Secret Code Programming Puzzle

I'm trying to solve a mathy programming problem. (I came up with the problem a couple of years ago, but it's still preying on my mind.)

There is a secret code (which you're allowed unlimited guesses at) => a string 12 characters in length. Each character can be either a number or a letter (a-z, 0-9) and it's not case-sensitive (A == a).

After every hour, a character in the secret code is revealed.

For example:
Hour 1:
_ _ Q _ _ _ _ _ _ _ _ _

Hour 2:
_ _ Q _ _ _ _ _ _ _ 4 _

Hour 3:
_ _ Q _ _ _ _ 7 _ _ 4 _

Hour 12:
1 C Q 8 2 V V 7 J B 4 9

I want to write code that solves the code before a human can. I figure a human can realistically start manually entering combinations at around hour 10. I would like my program to solve it before then.

What should the program do when another hour goes by and another secret character is revealed? I was thinking of starting out with an array of all the possible combinations, but populating and storing the array would take an immense amount of time and resources. I was thinking about storing this array and when a new character is revealed, rejecting ALL strings from the array that don't have the new secret character in the exact position.

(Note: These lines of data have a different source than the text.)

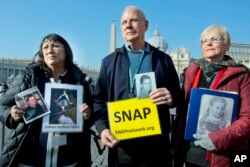 Survivors Network of those Abused by Priests (SNAP) President Tim Lennon from Tucson, Ariz., center, and SNAP members Esther Hatfield Miller from Los Angeles, left, and Carol Midboe from Austin, speak to the media in St. Peter's Square, Feb. 20, 2019.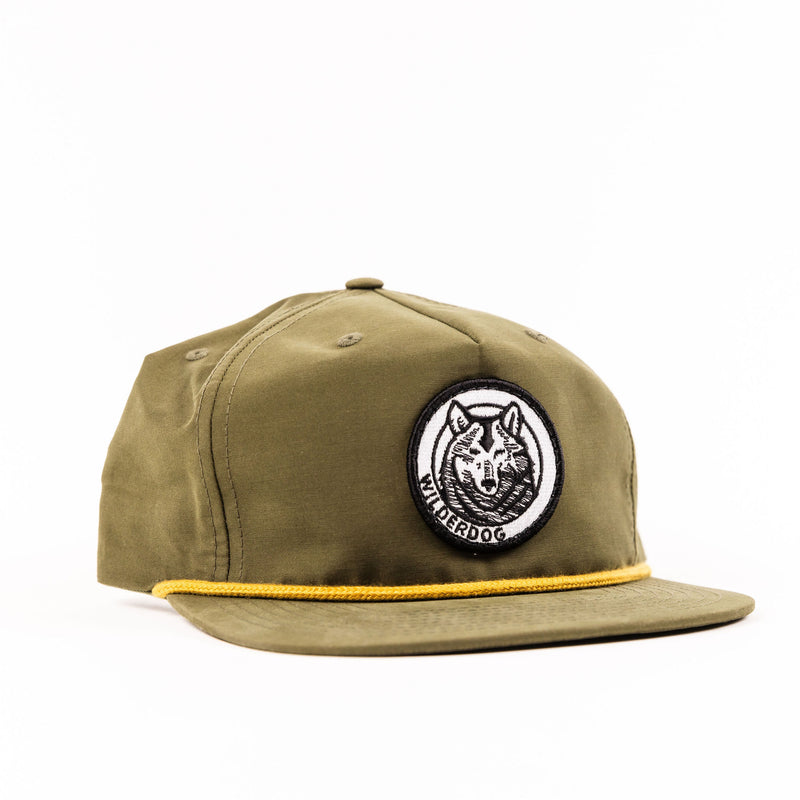 The Smartcart21 Gramps Hat is an olive green baseball cap with a flat brim and a circular embroidered patch on the front, featuring a stylized wolf head with the text "WILDERDOG" around it. Echoing classic golf vibes, this hat also includes a yellow rope detail across the base of the brim.
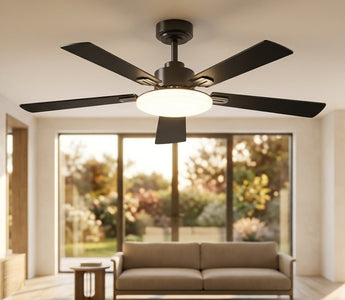 Black flush-mount ceiling fan installed in a sunlit modern living room, showing a clean home ceiling fan installation setup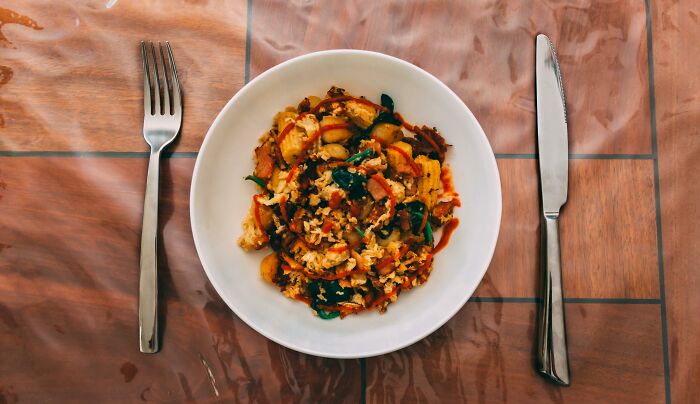 Bowl of cooked mixed vegetables and rice on a wooden table with fork and knife, illustrating absurd things people were told.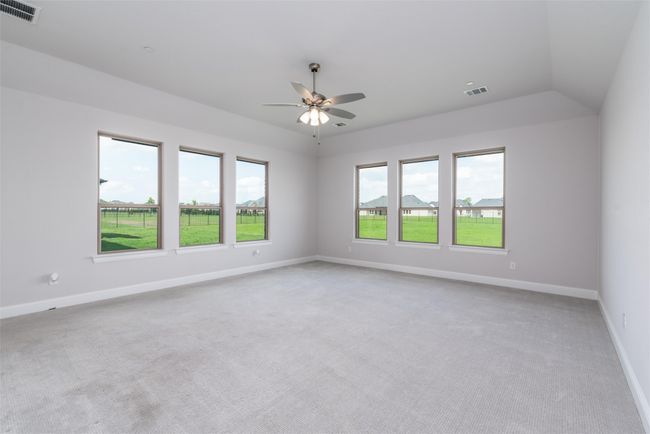 Empty room featuring light carpet, a ceiling fan, and baseboards | Image 26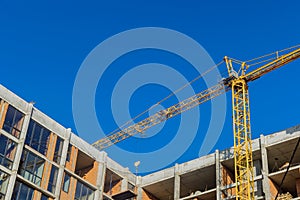 Aerial top view of construction site new multi-storey buildings tower crane with unfinished high-rise building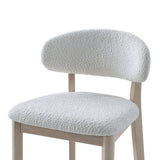 Bar height stool with curved backrest and seat upholstered in textured white fabric, supported by light wood frame with straight legs and clean lines.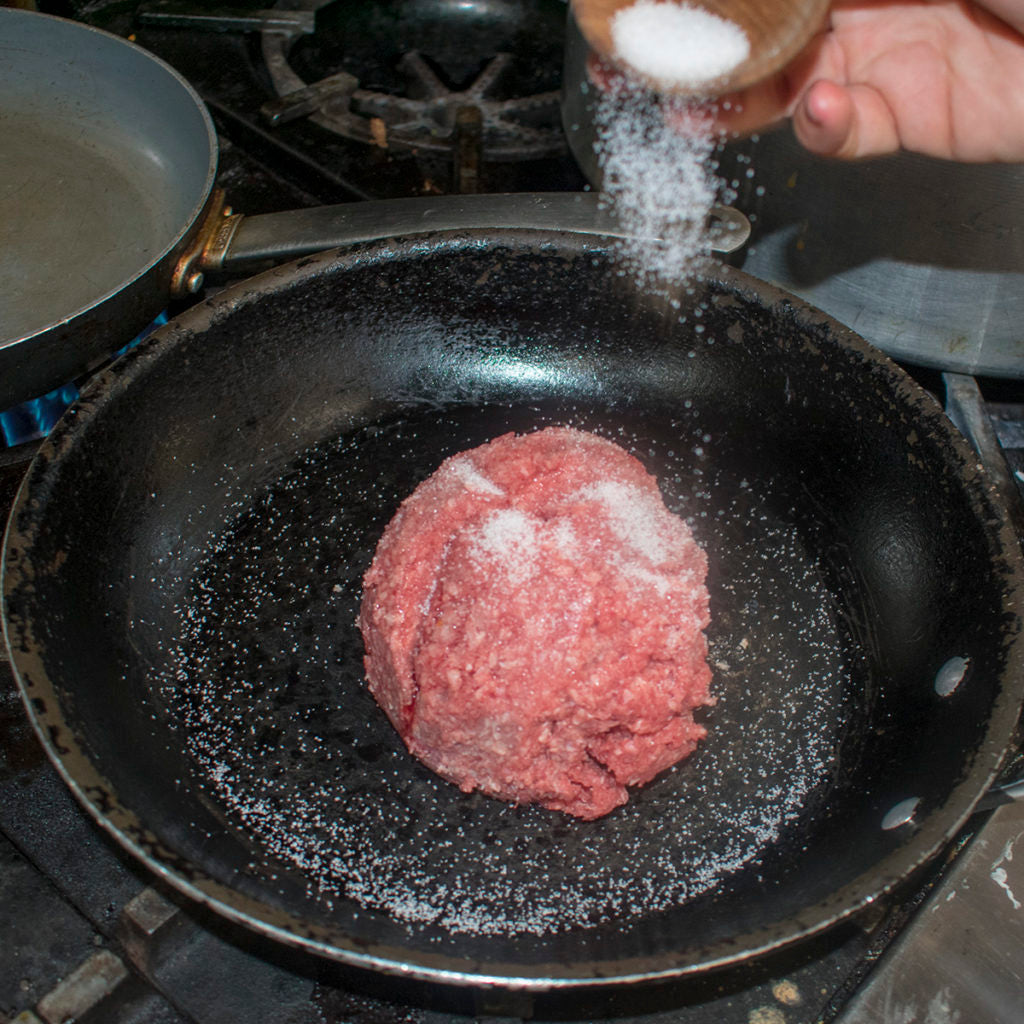 add aip ground beef to skillet and season with salt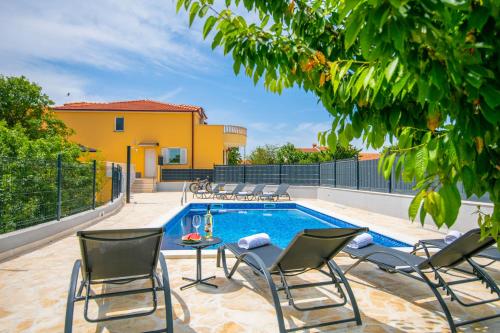 a patio with chairs and a swimming pool at Villa Mile in Šestanovac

At a worse case scenario of making guesses with all 12 characters left unrevealed, we're left with awful time complexity:
36 numbers and letters, 12 mystery characters
36^12 == somewhere considerably longer than I have remaining in my lifetime given however long it takes in a single-threaded program to make a guess. Still too long in a multi-threaded program on the world's best computer.

However, this goes down significantly after each hour. So I have several questions to answer:

Should I start my program at a certain hour? If so, would there be any benefit to at least STARTING to populate an array before said starting hour? Would I even need to populate a massive array?

1 comments:

Why populate an array to iterate over in the first place? The problem space is enumerable and ordered.
Consider looking at a Generator (python) - for example a prime number generator. This is a problem of list permutations (perl List::Permutor) with a narrowing search space as time progresses.